Fourth example preparation of CPNA (NMP)

After 4-CA (113.0g), DIPA (35.8g) and FNB (50.0g) were charged, the temperature was raised to 105 ℃ and the mixture was stirred for 24 hours. NMP (51.5g) was added dropwise at 95 ℃ or higher, and then the internal temperature was cooled to 60 ℃. EtOH (295.9g) was charged and the temperature was raised to 80 ℃ and stirred for 1 hour or more, and then the temperature was lowered to 5 ℃. After keeping the internal temperature at 5 degrees and stirring for 2 hours, the formed crystals were filtered and washed with EtOH (295.9g) cooled to 5 degrees. The filtered crystals were vacuum-dried at 50 degrees to obtain 79.3g of the title compound (yield: 90%).

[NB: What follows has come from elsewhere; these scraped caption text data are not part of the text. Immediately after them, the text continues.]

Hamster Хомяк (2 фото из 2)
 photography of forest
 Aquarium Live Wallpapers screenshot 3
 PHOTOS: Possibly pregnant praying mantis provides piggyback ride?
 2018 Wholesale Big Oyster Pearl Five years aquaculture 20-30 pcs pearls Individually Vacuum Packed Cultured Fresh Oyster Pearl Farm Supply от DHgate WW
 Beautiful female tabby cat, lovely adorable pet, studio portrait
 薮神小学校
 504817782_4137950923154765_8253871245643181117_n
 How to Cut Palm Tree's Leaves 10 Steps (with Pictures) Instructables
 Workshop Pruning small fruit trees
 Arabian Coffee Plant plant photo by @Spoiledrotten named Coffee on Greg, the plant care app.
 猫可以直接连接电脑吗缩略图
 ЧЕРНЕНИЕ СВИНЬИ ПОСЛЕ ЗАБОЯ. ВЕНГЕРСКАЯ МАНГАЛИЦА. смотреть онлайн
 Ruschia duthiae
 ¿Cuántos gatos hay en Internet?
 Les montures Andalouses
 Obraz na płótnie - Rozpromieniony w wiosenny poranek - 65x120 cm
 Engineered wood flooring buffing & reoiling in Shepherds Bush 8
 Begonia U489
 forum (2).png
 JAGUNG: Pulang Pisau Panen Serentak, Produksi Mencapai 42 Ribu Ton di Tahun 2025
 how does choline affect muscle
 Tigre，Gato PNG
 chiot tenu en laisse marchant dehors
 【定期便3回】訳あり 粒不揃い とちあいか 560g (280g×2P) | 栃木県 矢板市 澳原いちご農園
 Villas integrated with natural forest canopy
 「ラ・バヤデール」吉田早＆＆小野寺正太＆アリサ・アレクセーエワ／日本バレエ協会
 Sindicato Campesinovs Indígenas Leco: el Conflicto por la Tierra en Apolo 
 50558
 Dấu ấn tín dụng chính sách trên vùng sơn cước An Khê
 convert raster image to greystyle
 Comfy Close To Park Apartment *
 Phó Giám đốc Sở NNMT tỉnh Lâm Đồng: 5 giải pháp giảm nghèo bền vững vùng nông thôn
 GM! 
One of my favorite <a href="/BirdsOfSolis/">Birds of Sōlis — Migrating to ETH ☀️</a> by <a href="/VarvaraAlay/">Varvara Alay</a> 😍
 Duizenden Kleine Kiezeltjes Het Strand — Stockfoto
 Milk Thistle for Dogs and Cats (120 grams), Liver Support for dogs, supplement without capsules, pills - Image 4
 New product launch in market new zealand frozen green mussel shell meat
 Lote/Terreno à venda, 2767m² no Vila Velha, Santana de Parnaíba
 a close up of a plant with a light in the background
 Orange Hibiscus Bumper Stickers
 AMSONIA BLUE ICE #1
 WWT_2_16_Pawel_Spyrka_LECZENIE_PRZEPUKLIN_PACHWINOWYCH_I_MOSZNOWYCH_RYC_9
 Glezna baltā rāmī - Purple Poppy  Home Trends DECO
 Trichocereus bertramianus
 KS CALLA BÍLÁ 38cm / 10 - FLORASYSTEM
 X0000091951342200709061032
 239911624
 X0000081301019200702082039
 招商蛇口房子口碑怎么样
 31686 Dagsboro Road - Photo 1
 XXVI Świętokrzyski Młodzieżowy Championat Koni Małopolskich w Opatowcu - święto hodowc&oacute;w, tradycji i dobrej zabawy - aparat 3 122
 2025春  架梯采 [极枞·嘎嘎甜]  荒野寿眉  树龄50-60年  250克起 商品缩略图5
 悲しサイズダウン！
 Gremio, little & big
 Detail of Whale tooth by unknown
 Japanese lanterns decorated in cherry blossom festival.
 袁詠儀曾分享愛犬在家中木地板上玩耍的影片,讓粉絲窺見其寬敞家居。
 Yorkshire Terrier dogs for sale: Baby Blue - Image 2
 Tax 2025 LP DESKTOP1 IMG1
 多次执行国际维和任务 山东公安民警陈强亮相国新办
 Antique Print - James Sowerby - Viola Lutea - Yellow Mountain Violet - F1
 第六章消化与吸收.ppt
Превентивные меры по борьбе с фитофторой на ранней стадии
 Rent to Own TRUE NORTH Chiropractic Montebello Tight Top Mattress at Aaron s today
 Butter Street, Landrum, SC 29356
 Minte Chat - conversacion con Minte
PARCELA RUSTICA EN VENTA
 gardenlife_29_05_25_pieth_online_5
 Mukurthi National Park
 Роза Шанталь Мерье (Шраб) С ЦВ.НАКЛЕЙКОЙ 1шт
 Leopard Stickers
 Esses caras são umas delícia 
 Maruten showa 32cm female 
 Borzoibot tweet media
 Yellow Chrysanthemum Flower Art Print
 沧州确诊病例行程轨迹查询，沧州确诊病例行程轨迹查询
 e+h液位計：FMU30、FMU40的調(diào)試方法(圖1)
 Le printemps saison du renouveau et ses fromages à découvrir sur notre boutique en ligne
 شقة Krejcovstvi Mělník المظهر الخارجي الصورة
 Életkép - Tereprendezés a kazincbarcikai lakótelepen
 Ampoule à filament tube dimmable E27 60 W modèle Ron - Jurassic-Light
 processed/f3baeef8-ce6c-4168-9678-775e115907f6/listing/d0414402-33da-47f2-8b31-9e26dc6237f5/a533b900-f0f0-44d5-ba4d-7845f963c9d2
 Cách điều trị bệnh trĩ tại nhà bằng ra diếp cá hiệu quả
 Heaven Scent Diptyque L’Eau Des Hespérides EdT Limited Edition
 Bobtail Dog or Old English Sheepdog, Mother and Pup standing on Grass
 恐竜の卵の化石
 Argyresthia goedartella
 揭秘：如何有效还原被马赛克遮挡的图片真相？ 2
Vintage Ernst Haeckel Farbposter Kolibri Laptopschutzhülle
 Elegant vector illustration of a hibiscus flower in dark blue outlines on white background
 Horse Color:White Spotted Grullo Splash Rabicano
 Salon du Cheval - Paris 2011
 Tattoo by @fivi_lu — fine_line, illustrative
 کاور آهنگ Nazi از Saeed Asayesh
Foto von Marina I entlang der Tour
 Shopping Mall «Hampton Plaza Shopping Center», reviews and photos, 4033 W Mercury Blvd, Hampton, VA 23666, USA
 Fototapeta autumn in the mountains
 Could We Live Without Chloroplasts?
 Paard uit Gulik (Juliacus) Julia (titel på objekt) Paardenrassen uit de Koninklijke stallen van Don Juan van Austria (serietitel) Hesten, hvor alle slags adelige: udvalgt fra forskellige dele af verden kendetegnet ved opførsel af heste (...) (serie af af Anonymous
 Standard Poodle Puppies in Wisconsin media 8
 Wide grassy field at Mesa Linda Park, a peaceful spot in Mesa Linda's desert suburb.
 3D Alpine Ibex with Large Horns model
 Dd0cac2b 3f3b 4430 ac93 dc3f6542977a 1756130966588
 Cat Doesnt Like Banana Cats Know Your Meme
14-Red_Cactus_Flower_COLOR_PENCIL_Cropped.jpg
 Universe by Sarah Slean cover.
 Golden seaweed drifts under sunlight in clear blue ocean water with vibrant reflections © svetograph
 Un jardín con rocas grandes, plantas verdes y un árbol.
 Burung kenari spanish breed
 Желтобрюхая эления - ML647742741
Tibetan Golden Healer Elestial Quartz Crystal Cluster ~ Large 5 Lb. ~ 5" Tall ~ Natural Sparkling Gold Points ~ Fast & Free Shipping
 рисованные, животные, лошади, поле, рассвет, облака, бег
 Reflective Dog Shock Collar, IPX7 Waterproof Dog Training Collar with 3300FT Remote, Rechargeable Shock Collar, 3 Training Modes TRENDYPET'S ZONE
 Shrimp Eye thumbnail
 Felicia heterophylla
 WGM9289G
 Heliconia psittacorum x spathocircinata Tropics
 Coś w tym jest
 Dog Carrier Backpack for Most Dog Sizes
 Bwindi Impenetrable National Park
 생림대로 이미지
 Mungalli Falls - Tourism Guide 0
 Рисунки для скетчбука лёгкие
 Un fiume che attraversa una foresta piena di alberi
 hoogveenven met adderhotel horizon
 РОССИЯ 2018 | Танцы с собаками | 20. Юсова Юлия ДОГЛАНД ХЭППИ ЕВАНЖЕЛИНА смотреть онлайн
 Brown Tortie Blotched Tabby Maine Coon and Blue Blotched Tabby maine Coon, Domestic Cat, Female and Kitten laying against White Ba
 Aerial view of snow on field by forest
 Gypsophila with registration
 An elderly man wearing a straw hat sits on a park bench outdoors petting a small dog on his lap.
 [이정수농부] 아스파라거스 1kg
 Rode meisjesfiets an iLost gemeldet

Fifth example preparation of CPDA

Adding CPNA (20.0g) and Na₂S*5H₂O (47.3g) was added followed by DMF (151.0g) solvent, and the mixture was stirred for 4 hours after raising the temperature to about 60 ℃. After the stirred reaction solution was cooled to about 40 degrees, purified water (240.0g) was added thereto. The mixture was stirred at about 25 ℃ for 2 hours, and the resulting crystals were filtered, washed with purified water (100.0g), and dried under vacuum at about 60 ℃ to give 16.7g of the title compound (yield: 95%).

As described above, the present specification and the accompanying drawings disclose preferred embodiments of the present invention, and although specific terms are used, they are used in a general sense only for the purpose of simplicity and clarity of explanation of the technical contents of the present invention and to assist understanding of the present invention, and they are not intended to limit the scope of the present invention.

It will be apparent to those skilled in the art that other modifications based on the technical spirit of the present invention can be implemented in addition to the embodiments disclosed herein.